Prolonged solitary confinement lasting longer than 15 days — as it very often does in immigration detention — constitutes torture, and is a violation of international standards outlined in the U.N.’s Nelson Mandela Rules. Shorter periods of solitary confinement, according to the U.N. Special Rapporteur on Torture, “can also amount to cruel, inhuman or degrading treatment or punishment where the physical conditions of prison regime … fail to respect the inherent dignity of the human person and cause severe mental and physical pain or suffering.”
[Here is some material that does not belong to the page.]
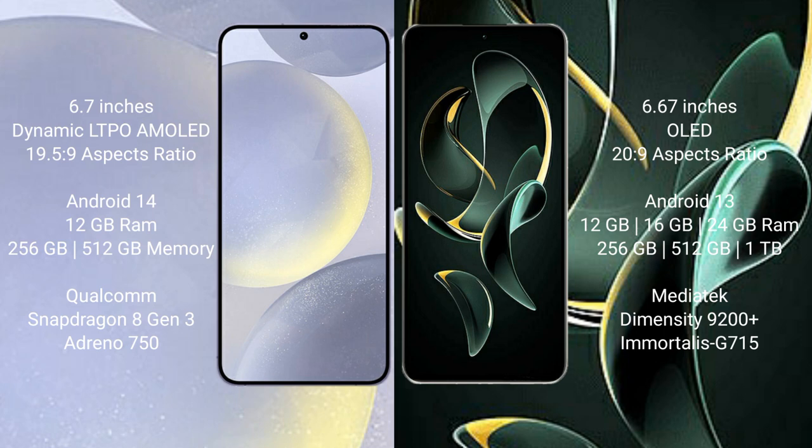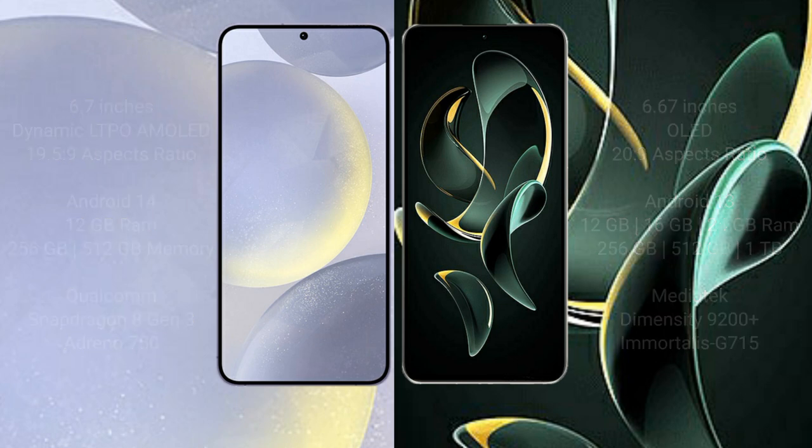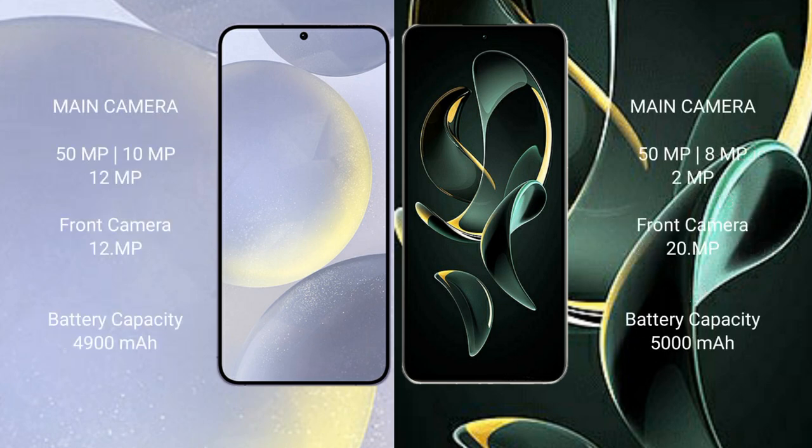Samsung Galaxy S24 Plus comes with 12GB RAM and 256GB or 512GB internal storage, Qualcomm Snapdragon 823 processor and GPU Adreno 750. Redmi K60 Ultra comes with 12GB, 16GB, or 24GB RAM and 256GB, 512GB, or 1TB internal storage, MediaTek Diamond City 2000 Plus processor and GPU G715.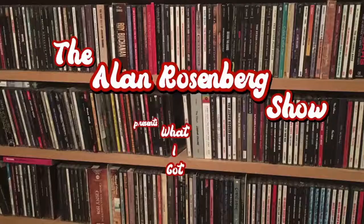Hello. I am Michael Rosenberg, correspondent for The Alan Rosenberg Show, and this is What I Got. So welcome. This is episode one of What I Got, a segment on The Alan Rosenberg Show, where we go through things we got. Yesterday was a Saturday. I went out shopping, and I bought some things. I thought they were pretty cool, and here we are. Let's go through it.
This report is by no means the first time watchdogs have identified failures by ICE to adhere to solitary confinement policy. OIG itself previously found significant segregation placement reporting failures like the ones described in last week’s report. The DHS Office for Civil Rights and Civil Liberties sounded the alarm over abuse of the segregation policy at the Adelanto Correctional Facility in California. Similarly, nearly a decade ago, the National Immigrant Justice Center and Physicians for Human Rights, reported on ICE’s failure to enforce consistent solitary confinement standards in its detention facilities.

Abuse of solitary confinement in the U.S. immigration detention system has persisted despite years of oversight reports, investigations by state officials, Congressional hearings, proposed legislation sponsored by influential members of the Senate, lawsuits, and death.

At the beginning of the Biden administration, the ACLU called on DHS to follow through on Biden’s commitments during the campaign and ban the use of solitary confinement (whether for administrative, protective, or disciplinary reasons). We have not seen progress to date. At the very least, DHS Secretary Alejandro Mayorkas should respond to the OIG’s findings by placing an immediate moratorium on the use of solitary confinement and requiring a detailed, facility-by-facility review of solitary confinement practices. Congress should use its appropriations powers to prohibit the use of federal funds for solitary confinement. Moreover, Congress should aggressively question DHS and ICE officials about the agency’s unlawful destruction of records and its continued use of solitary confinement for prolonged periods.

The latest OIG report underscores the reality that immigration detention is inherently inhumane. It’s time to put an end to ICE’s detention machine.